The personal ethics of Dickens, Dostoevsky, and Le Guin are reflected in the ethics of their narratives. In her section on Charles Dickens, Langbauer suggests that the scenes of suffering children within A Christmas Carol have everything to do with Dickens’s own personal suffering as a child as his family was impoverished and he was forced to work to help support his own family at a young age.
McGreevy, Patrick. “Place in the American Christmas.” Geographical Review. 80.1 (1990): 32-42. Print.
This article highlights Christmas from many angles, but most effective for our purpose is his mention of the way Dickens affected the holiday.
Moore, Tara. “Starvation in Victorian Christmas Fiction.” Victorian Literature and Culture 36.2 (2008): 489-505. Cambridge Journals. Cambridge University Press. Web. 4 Apr. 2012.

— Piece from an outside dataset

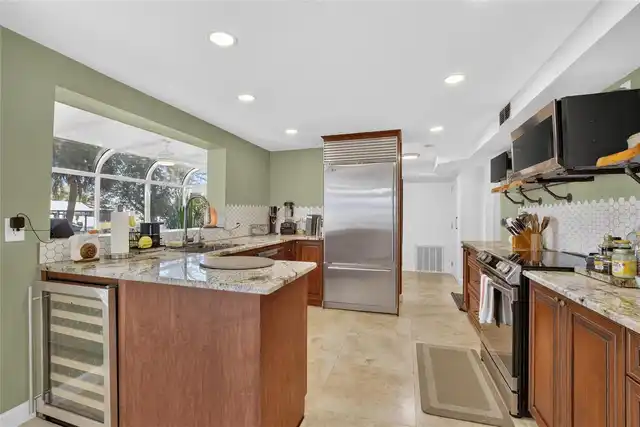 Listing Photo 18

Tara Moore's article is centered on 19th century Christmas literature which depicts striking images of Great Britain's starvation in contrast with the traditional feasts enjoyed by the upper and middle class. This literature rose mainly from the 1840's when the Corn Laws were enacted, which placed a levy upon bread. The Corn Laws caused a huge famine within the country. Many authors rose up to protest through the depictions in their novels. Charles Dickens was one of the most prominent of these authors, and he uses food in A Christmas Carol as a device to identify social classes.
Morgentaler, Goldie. “Dickens and Dance in the 1840’s.” Partial Answers: Journal of Literature and the History of Ideas 9.2 (2011): 253-66. Project MUSE. Web. 3 Apr. 2012.

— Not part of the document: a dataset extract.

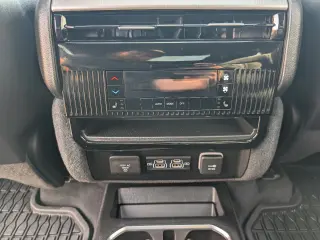 2023 Jeep Wagoneer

Morgentaler focuses her essay on the role of public dances within the society of 1840’s London. Dickens chooses to incorporate dance scenes within his novels because he believes that dancing promotes good social relations as well as good physical health. However, the dance scenes he chooses to include in his novels are somewhat unrealistic because (especially within A Christmas Carol) their depictions are brought about by spirits. Although unrealistic within the novel, Dickens is promoting the idea of these sorts of dances to improve the deplorable states in which many were living in London during the Hungry Forties.
Sammon, Paul. The “Christmas Carol” Trivia Book: Everything you ever wanted to know about every version of the Dickens Classic. New York: Citadel Press, 1994. Print.
Just as the title describes, this book addresses every major creation based on the Carol. The author speaks briefly but unreservedly about the book in its time and why that affects us into the present.
Standiford, Les. The Man Who Invented Christmas: How Charles Dickens's A Christmas Carol Rescued His Career and Revived Our Holiday Spirits. New York: Crown, 2008. Ebook Reader.
This book deals with how A Christmas Carol came to be and also how it came to be one of Western literature’s best-loved novels. Dickens suffered through an impoverished childhood and continued to be poor into his own marriage and the start of his family life. Dickens had A Christmas Carol published with money from his own pocket as well as oversaw every bit of its construction (illustrations, binding, etc.). In four days, every copy (Dickens had 6,000 copies made) of A Christmas Carol was sold. Chapman and Hall rushed through a second printing of the book, and even a third before the New Year. In short, A Christmas Carol was a huge success, and brought at least temporary relief to Dickens’s financial worries.